Again, I wonder. Why it is so difficult for this country to recognize the history and hurt of Black people?
To acknowledge our contributions to the American dream benefiting so many at great cost to our souls. (Read Ta-Nehisi Coates’ Between the World and Me on this.) The difficulty we still face in attaining equality and opportunity in America. How just last week, Supreme Court Justice Antonin Scalia — sitting alongside his intellectual equal, an African-American legal scholar raised in segregation — could dare suggest Black students go to “lesser universities.”
Does anyone else ever wonder what it means and what it takes to be seen as whole, equal, and deserving of America’s best as a Black person in America?
It too often means you earn acceptance to the degree that you can or are willing to mimic the status quo and suppress notions that your needs and suffering matters. Deference and invulnerability are your tools. You overachieve. Downplay provocation and lie to yourself that your excellence is all that matters. Ironically, in your effort to earn your humanity, you become decidedly less human in a steely resolve to renounce a need to be loved, accepted, and enough. To be a Black somebody in America is to be extraordinary because we are automatically presumed lesser, and therefore, deserving of less.
I am jealous that I don’t get to be ordinary and yet, I fear to be ordinary in this skin is a sin.
This worry has always driven me to perform so that my humanity and worthiness would be seen quickly and undeniably. I was groomed for it.(See Margo Jefferson’s, Negroland.) At times it’s worked out well to be thought so extraordinary simply because expectations for me are low to begin with.
“Fascinating,” they say, when they hear me speak Spanish or Japanese.
When truly it isn’t.
Though good for a fleeting ego boost and fickle introspection by others, my lingual exhibition has done nothing to affect real world change for the perception and circumstances of Black America. Think about it. If we still have to tell Americans that Black Lives Matter in the wake of an African-American President, affecting this change can’t be done by Blacks alone. White Americans, Christians must step up to express solidarity, compassion, and empathy with Black lives.
Again, that letter.
A few weeks back I wrote:
The message called on Christian Americans to walk in love with Syrian refugees and reject the fear mongering and cowardice of Christian leaders. I knew it was a risky message that might be met with more fear. I lost hundreds of subscribers.
I wonder if Mr. Swan or any other White person who might write a love letter to Black people is concerned about a similar backlash.

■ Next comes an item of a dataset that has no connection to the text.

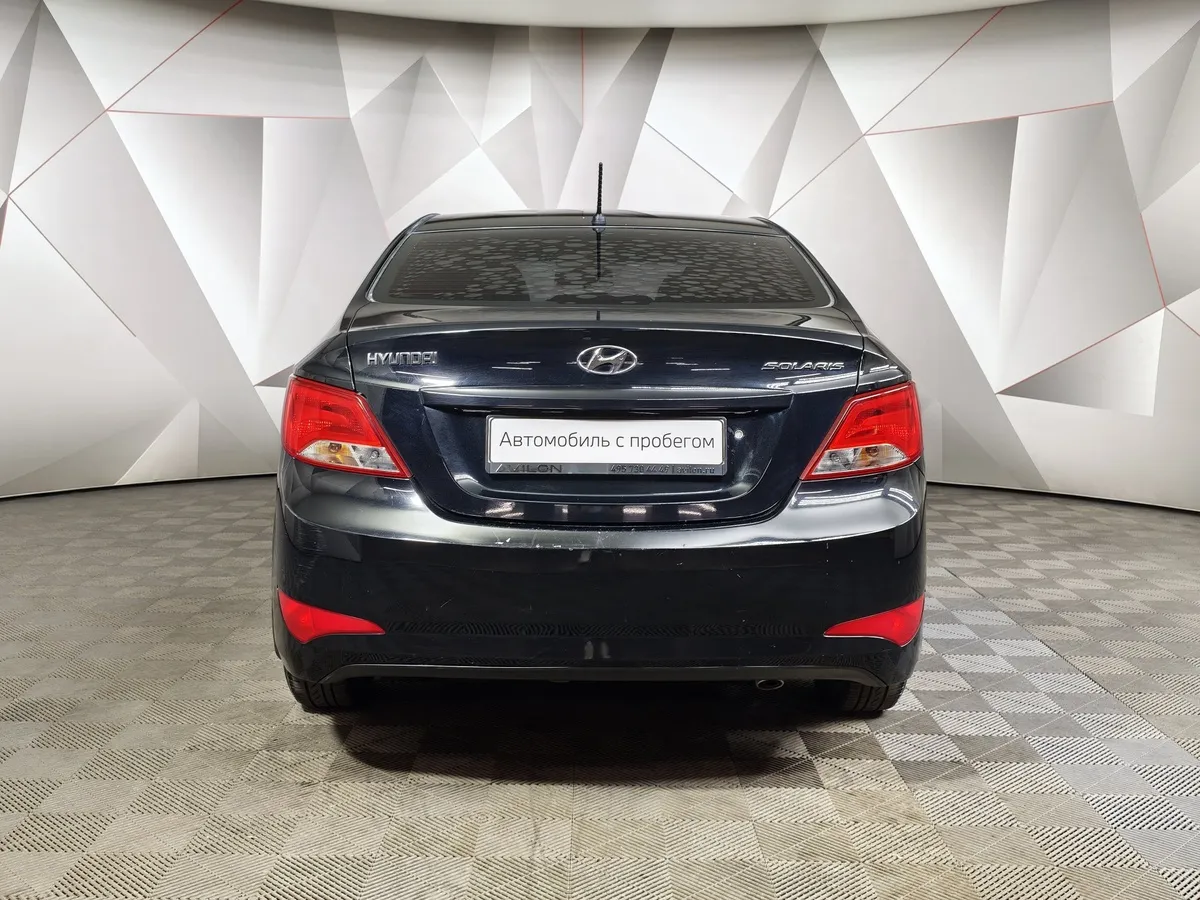 Hyundai Solaris 1.4 MT (107 л.с.) Comfort Черный в АВИЛОН. Слайд №8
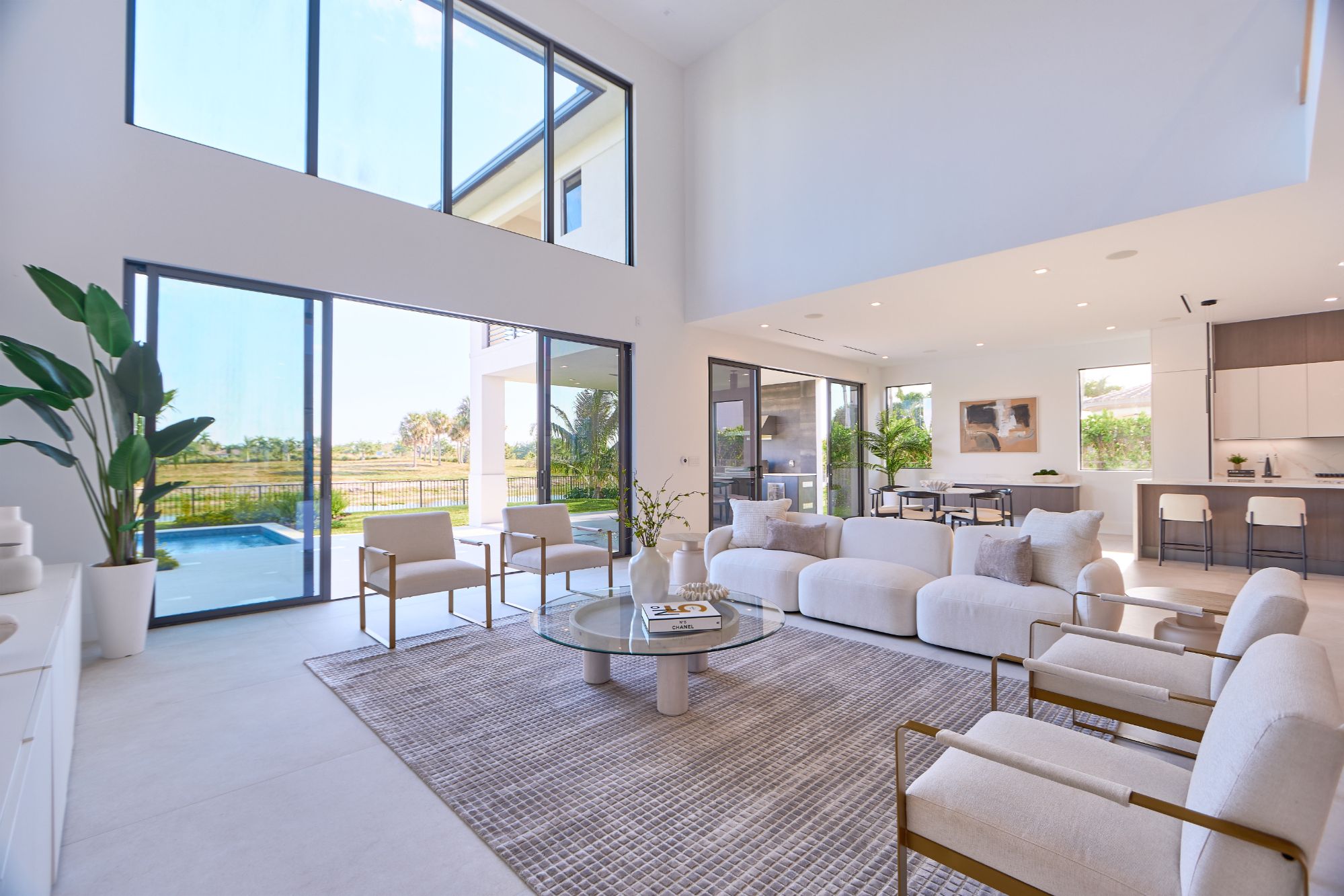 uxury estate in Weston Florida with strong curb appeal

I am. I’m afraid a letter like this on behalf of Black people doesn’t exist because there isn’t a White person out there who feels wholeheartedly enough, or isn’t outraged enough to take this risk. I’m afraid they’d get hate mail. I’m afraid the reader comments wouldn’t be as kind. That they’d instead be filled with venom; the hateful variety where readers site crime statistics, welfare numbers, and the rate of children born out of wedlock to prove Black people are not only unworthy of love, but unlovable.
And, then I think maybe it’s too hard. That it’s easier to have sympathy for someone’s pain you don’t feel you’ve directly or indirectly caused. Maybe it’s harder to apologize and love someone who is down if you feel like you had a role in putting them there. I don’t know. But I do know that was a nice letter. A beautiful letter. One I wish I’d written and one that I think Black people would like to receive.